Ind-Ra said bituminous works account for eight to twelve per cent of costs in National Highways Authority of India (NHAI) hybrid-annuity model (HAM) projects and that a 20 per cent increase in bitumen prices could compress road engineering, procurement and construction (EPC) margins by 150 to 250 basis points. Imports rose to around 40 per cent of demand in FY21–FY26 and more than 95 per cent come from Gulf suppliers.
The reliance on imported bitumen is stronger for state and regional works, which often lack procurement flexibility and supply buffers. Domestic bitumen output depends on refinery crude throughput, so even modest crude inflow disruptions can reduce availability. The February to June peak construction season raises vulnerability as demand typically surges and inventories run low.
Imported bitumen is generally 20 to 25 per cent cheaper than domestic alternatives, but that advantage could evaporate if shipping routes are disrupted or crude prices climb.

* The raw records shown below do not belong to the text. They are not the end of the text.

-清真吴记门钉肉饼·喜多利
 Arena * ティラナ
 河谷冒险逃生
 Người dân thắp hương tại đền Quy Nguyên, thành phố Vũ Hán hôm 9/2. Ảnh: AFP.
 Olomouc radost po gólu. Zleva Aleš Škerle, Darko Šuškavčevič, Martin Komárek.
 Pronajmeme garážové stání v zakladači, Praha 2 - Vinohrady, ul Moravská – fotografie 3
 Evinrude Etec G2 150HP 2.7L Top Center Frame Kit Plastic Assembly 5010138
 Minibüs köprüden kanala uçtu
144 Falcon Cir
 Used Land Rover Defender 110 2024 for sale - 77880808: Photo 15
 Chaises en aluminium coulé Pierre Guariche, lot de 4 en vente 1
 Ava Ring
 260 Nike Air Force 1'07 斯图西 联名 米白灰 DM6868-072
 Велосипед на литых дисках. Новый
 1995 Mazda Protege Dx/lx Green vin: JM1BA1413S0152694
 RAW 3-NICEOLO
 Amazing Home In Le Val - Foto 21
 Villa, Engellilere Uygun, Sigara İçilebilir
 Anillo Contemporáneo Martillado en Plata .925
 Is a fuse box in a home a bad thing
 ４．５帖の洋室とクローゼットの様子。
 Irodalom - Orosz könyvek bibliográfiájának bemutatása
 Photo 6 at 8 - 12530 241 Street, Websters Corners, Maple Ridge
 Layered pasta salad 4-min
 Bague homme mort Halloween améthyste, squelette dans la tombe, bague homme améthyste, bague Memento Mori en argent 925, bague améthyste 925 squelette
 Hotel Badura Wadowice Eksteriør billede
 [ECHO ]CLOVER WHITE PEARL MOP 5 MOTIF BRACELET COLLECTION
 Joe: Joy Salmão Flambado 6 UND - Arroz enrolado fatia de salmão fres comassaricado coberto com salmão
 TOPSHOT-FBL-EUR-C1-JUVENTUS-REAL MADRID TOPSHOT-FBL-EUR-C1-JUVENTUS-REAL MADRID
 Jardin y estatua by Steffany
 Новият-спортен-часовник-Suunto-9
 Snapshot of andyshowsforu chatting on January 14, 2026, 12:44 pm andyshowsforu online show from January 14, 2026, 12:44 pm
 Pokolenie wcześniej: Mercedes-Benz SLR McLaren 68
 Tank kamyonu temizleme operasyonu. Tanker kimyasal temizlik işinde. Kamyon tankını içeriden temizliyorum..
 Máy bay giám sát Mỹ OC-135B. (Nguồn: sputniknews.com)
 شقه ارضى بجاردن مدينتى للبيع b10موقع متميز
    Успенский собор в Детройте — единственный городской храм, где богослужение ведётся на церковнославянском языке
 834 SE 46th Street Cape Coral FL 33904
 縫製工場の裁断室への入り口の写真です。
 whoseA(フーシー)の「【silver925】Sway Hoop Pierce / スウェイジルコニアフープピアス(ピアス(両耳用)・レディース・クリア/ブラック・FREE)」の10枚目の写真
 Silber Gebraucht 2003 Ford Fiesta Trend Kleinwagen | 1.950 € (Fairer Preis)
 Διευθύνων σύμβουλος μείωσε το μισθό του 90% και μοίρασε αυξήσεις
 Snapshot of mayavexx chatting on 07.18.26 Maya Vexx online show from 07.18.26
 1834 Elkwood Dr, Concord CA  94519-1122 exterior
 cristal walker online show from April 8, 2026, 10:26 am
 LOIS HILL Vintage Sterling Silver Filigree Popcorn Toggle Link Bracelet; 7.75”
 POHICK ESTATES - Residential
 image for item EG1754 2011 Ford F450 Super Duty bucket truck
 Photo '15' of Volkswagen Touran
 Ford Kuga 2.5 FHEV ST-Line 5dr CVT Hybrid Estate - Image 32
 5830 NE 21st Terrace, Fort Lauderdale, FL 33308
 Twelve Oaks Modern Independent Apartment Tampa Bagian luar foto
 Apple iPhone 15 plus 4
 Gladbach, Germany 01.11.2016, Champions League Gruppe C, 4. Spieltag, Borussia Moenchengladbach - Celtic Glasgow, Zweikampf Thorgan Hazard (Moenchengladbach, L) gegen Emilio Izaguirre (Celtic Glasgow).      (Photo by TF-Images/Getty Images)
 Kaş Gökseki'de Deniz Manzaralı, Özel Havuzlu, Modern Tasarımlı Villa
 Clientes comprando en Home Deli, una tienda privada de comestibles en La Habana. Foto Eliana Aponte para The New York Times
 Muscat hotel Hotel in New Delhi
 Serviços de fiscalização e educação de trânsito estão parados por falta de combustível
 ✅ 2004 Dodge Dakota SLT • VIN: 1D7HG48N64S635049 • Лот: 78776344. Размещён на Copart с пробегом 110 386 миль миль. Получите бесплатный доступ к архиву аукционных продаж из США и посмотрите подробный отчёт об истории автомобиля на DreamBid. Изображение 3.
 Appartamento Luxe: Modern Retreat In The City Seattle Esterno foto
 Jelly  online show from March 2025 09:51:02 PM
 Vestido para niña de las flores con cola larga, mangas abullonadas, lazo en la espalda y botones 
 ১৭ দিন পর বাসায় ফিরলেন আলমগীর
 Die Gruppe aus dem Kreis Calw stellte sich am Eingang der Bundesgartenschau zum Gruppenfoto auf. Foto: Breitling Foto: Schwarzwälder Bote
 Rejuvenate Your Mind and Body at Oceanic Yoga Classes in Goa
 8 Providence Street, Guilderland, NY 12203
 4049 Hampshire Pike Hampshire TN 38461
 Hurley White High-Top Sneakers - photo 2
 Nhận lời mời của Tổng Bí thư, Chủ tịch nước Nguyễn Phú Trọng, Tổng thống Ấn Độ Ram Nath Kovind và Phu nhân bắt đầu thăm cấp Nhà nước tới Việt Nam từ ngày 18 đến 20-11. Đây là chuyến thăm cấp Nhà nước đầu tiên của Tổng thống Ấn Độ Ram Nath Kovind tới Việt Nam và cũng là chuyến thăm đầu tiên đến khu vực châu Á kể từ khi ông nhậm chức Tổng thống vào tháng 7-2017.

Many state projects lack inflation-linked payment mechanisms and have limited contingency, increasing exposure to cost overruns and margin erosion and possibly leading to time extensions or re-tendering. By contrast, National Highways Authority of India hybrid-annuity model projects have contingency buffers, fixed-price EPC contracts and sponsor support, which can contain impacts.
Ind-Ra estimated that a sustained 20 per cent increase in bitumen prices would increase overall project costs by 1.5 to 2.5 per cent and cautioned that prolonged disruptions could cause site-level shortages, delay pavement works and hinder timely utilisation of state budgets. The report warned that rising import dependence and global uncertainties represent a growing structural risk for India's infrastructure sector, particularly for state and regional road projects.